Félix Tshisekedi a ouvert la porte à des négociations avec le M23, un mouvement rebelle actif dans l'est de la République démocratique du Congo (RDC). Les deux parties pourraient se rencontrer prochainement à Luanda, en Angola, sous médiation angolaise. Ce revirement marque un changement notable dans la posture du gouvernement congolais, qui avait jusqu'ici refusé tout dialogue avec ce groupe qualifié de "terroriste".
Un changement de ton significatif
Il y a quelques jours à peine, le ministère congolais de la Justice offrait une prime de 5 millions de dollars pour l'arrestation de Corneille Nangaa, Bertrand Bisimwa et Sultani Makenga, trois figures de proue du M23. Pourtant, quelques jours plus tard, un communiqué de la présidence angolaise annonçait que Félix Tshisekedi avait sollicité l'Angola pour faciliter des négociations directes avec le M23. Ce changement de cap soulève des questions sur la stratégie du président congolais.
Selon le communiqué, Tshisekedi a effectué une visite "brève" à Luanda pour demander aux autorités angolaises d'établir un contact avec le M23. L'objectif affiché est de parvenir à une paix durable dans l'est de la RDC, une région en proie à des conflits armés récurrents depuis des décennies.
Un aveu de faiblesse ?
Ce revirement est perçu par certains observateurs comme un aveu de faiblesse. En effet, Tshisekedi avait jusqu'ici fermement rejeté toute négociation avec le M23, qualifiant ses membres de "terroristes" ou de "fantoches". Cette volte-face intervient après une série de déclarations fermes et de mesures répressives, notamment la mise à prix des leaders du mouvement.

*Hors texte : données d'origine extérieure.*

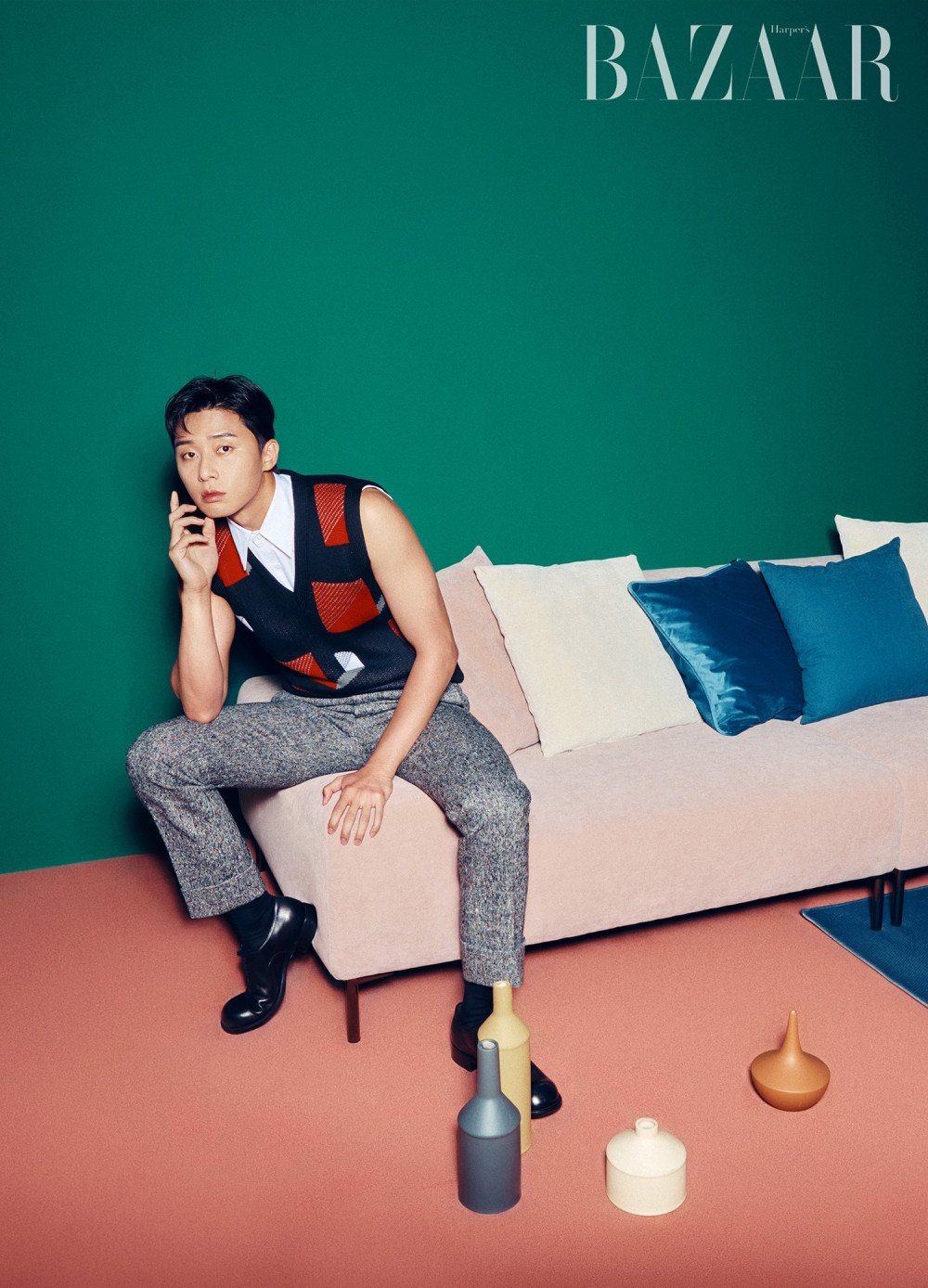 Пак Со Джун в рекламной фотосесии для журнала "Harper's Bazaar"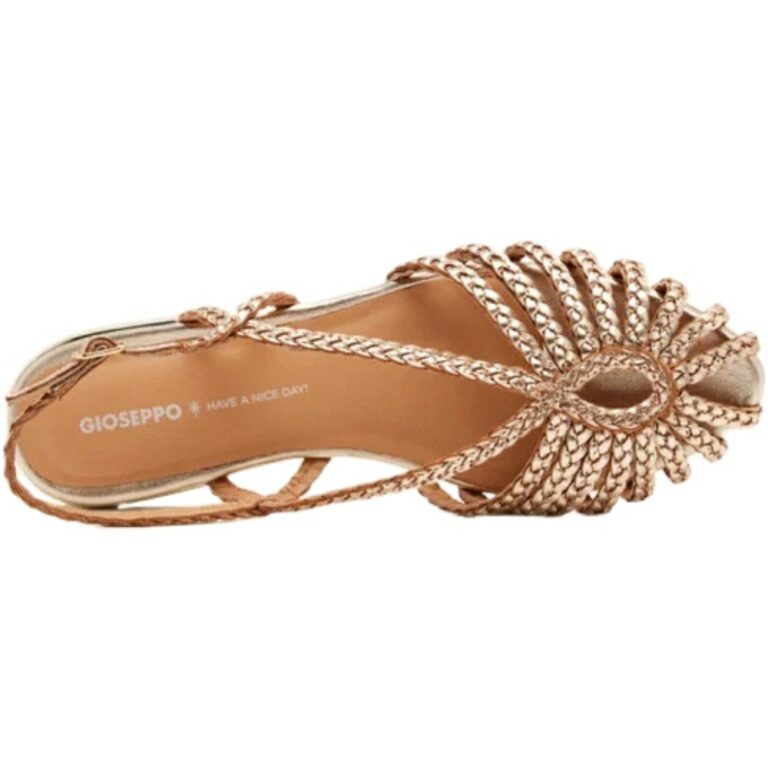 Sandalias Piel Trenzada Hingham GIOSEPPO modelo 75440 en color platino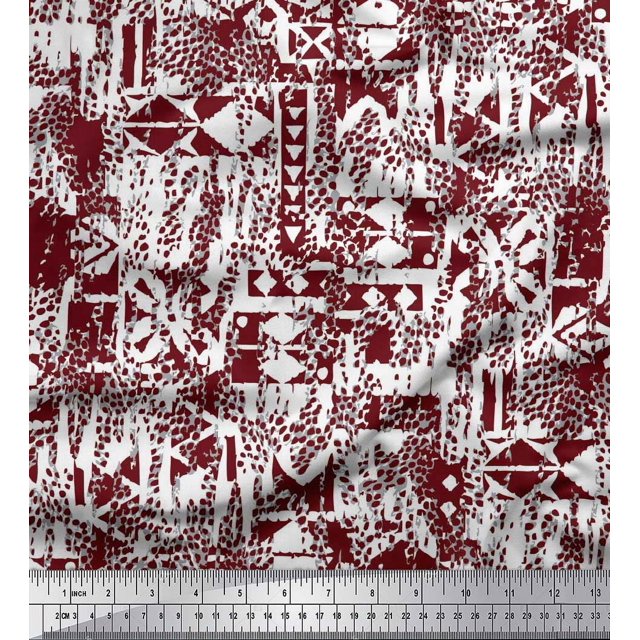 Soimoi Viscose Chiffon Fabric Animal Skin Texture Print Sewing Fabric Yard 42 Inch Wide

Du côté du M23, la réaction est prudente. Oscar Bahinda, porte-parole adjoint du mouvement, a déclaré : "Nous avons vu le communiqué comme vous. Maintenant, nous attendons l'invitation." Il rappelle également que cette initiative de dialogue émane cette fois de Tshisekedi, et non du M23. Bahinda souligne que son groupe a déjà participé à des négociations par le passé, notamment en 2009 et 2013, mais que ces accords n'ont jamais résolu les problèmes de fond.
Un contexte différent
Bob Kabamba, politologue à l'Université de Liège et spécialiste de la région, explique que le contexte actuel diffère des précédentes tentatives de négociation. "Aujourd'hui, le M23 contrôle une superficie considérable, avec plus de 50 000 km² et une population de plus de 10 millions d'habitants. Le rapport de force a changé", affirme-t-il.
Les observateurs soulignent également les difficultés militaires rencontrées par le gouvernement congolais. Malgré les efforts déployés, les troupes gouvernementales n'ont pas réussi à contenir l'avancée du M23, qui menace désormais des régions stratégiques comme Kisangani et le Katanga. Par ailleurs, le soutien militaire du Burundi, allié traditionnel de Kinshasa, s'est essoufflé, affaiblissant davantage la position du gouvernement.
Les enjeux des négociations
Pour Kabamba, la précipitation de Tshisekedi à engager des pourparlers s'explique par la crainte de voir le M23 renforcer encore son emprise territoriale. "Il veut éviter de se retrouver à la table des négociations face à un adversaire trop puissant", analyse-t-il.
Cependant, les négociations s'annoncent complexes. Le M23 pourrait exiger des concessions majeures, telles que la levée des condamnations à mort visant ses cadres, l'abandon des primes offertes pour leur capture, et l'annulation de la résolution parlementaire interdisant tout dialogue avec les rebelles. Ces demandes risquent de susciter des tensions au sein de la majorité présidentielle, traditionnellement hostile à toute forme de compromis avec les groupes armés.
Une paix fragile en perspective
Si les négociations aboutissent, elles pourraient marquer un tournant dans le conflit qui déchire l'est de la RDC. Toutefois, l'histoire récente montre que les accords signés avec le M23 n'ont jamais résolu les problèmes structurels à l'origine des conflits. La question reste donc ouverte : ce nouveau dialogue sera-t-il une simple trêve ou une réelle opportunité pour une paix durable ?
En attendant, Félix Tshisekedi se retrouve dans une position délicate, tiraillé entre la nécessité de négocier et la pression politique interne. Son approche, bien que perçue par certains comme un signe de faiblesse, pourrait aussi être interprétée comme une tentative pragmatique de stabiliser une région en proie à l'instabilité depuis trop longtemps.